(PROBLEM REQUIREMENTS) Copy, word for word, the lines below from the one containing "Lumb Lane, Roberttown, Liversedge, WF15" up to and including the one containing "Sjaelborg Apartamento |", with pictures left out.

(SOURCE INFORMATION)
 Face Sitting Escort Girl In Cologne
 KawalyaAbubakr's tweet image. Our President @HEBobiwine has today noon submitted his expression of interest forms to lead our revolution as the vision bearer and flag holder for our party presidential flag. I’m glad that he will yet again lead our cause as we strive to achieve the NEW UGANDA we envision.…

--

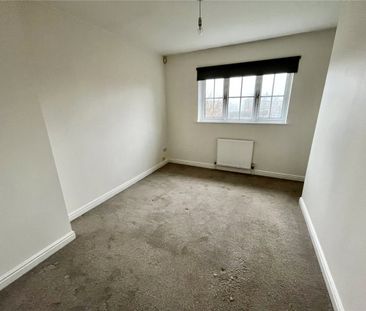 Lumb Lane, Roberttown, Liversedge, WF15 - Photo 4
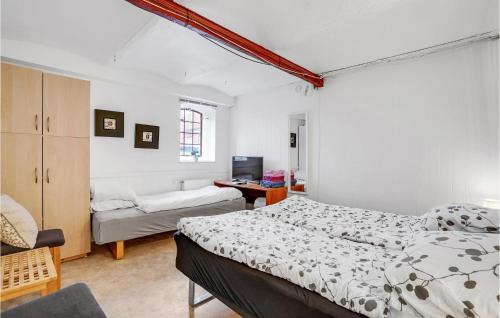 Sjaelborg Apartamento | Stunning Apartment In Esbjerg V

(ANSWER TO THIS EXERCISE)
 Lumb Lane, Roberttown, Liversedge, WF15 - Photo 4
 Sjaelborg Apartamento | Stunning Apartment In Esbjerg V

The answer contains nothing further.